My home computer has pretty much died, so I'm posting this latest review from Stevenson's super-soggy Greenspring campus, aka "Seattle East." (At least the forecast for tomorrow -- and SU's first home football game -- is promising.) My new Kimba post will probably be delayed for a bit until we can get the new home machine set up. I'll still try to post the promised football report using Nicky's laptop, though.

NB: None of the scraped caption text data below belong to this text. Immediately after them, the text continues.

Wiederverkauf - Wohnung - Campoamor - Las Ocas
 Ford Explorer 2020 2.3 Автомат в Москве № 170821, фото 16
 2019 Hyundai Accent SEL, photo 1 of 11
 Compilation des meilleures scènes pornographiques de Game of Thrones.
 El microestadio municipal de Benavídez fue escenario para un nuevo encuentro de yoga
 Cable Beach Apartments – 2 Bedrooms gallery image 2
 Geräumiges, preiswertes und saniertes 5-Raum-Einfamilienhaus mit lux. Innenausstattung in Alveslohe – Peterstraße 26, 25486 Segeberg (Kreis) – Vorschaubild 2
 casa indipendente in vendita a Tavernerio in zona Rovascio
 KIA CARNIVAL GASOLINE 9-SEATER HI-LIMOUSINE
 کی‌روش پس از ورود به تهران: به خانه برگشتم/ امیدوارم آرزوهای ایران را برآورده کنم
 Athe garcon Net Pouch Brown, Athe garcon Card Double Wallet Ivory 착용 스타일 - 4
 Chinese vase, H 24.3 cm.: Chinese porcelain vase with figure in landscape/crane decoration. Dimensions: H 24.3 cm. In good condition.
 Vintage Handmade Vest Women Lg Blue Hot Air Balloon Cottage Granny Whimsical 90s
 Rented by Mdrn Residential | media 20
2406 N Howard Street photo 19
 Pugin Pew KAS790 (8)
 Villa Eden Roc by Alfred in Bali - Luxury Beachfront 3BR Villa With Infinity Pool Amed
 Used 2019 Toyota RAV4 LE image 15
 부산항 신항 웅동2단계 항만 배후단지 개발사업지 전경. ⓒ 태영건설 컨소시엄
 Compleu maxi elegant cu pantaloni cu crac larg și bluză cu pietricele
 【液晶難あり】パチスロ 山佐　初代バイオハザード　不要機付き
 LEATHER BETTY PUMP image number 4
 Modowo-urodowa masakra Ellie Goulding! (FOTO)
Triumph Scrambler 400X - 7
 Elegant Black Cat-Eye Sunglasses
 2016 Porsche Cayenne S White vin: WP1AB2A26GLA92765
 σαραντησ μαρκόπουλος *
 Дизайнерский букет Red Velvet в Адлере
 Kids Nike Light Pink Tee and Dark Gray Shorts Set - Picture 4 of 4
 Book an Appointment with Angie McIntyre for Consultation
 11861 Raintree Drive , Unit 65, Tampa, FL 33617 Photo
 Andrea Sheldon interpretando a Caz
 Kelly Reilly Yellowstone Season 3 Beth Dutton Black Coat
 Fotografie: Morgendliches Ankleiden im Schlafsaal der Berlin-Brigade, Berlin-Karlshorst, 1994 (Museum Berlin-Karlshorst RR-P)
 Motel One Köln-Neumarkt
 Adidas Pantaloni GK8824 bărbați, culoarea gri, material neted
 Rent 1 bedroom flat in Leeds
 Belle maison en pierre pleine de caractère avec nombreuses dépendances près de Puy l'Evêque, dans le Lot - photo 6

Dark Horse is now combing the corpus of John Stanley's "miscellaneous" LITTLE LULU work. This latest volume collects the entirety of two Dell Giants from 1957, LITTLE LULU AND TUBBY AT SUMMER CAMP and LITTLE LULU AND TUBBY HALLOWEEN FUN. You can read and view much more about the former of these hefty quarter-dollar mags here, and I suggest that you do, since SUMMER CAMP hangs together a lot better than does HALLOWEEN FUN. The structure of Stanley's signature chain of short features is relatively predictable -- kids get ready for camp, kids go to camp and meet new kids, kids scheme and have (mis)adventures, kids go home -- and there's no psychological quirkiness to wade through on the order of Charlie Brown developing a baseball-like rash on his head and becoming "Mr. Sack" or the PEANUTS gang visiting a weird camp for "born-agains," as they did in 1980. The little tales and vignettes link together quite nicely, however, and the sense of completing a satisfying whole is palpable. HALLOWEEN FUN is a bit more erratic; since there are only so many tales you can tell about getting costumes, cadging candy, and holding Halloween parties, we get a few Witch Hazel stories thrown in here and there to help "make weight." One of these last is a rather strained explanation of how Lulu's "poor little girl" character accidentally devised the name of the Halloween holiday. Suffice it to say that it's a surefire groan-inducer. The climactic Halloween-party story, though, is Stanley at his web-weaving best, combining several plots and subplots in a way that leaves you marveling (not to mention smiling) at the end. There are still several Giants to reprint, so we haven't quite seen the last of these Dark Horse collections -- and a good thing, too.
2 comments:
Have you been following the Tubby reprint volumes (the fourth of which just came out)? Somewhere around the middle of the second book, Stanley begins to dial back the narrative ambition as well as the fantastic elements (though they never completely disappear), which is a little disappointing, but it's still highly entertaining stuff in the same vein as Lulu, but with a welcome extra bit of loopiness to it. I must applaud Dark Horse for going so much further with their reprints than Another Rainbow did in the eighties--though admittedly, some auxiliary materials WOULD be nice.
Geo,
I've been getting the TUBBY volumes, plus the Stanley material from Drawn & Quarterly. I do see what you mean about the change in focus in TUBBY; the setup of stories in the latest volume seems casual at times. Maybe Stanley's workload was telling on him a bit by this time?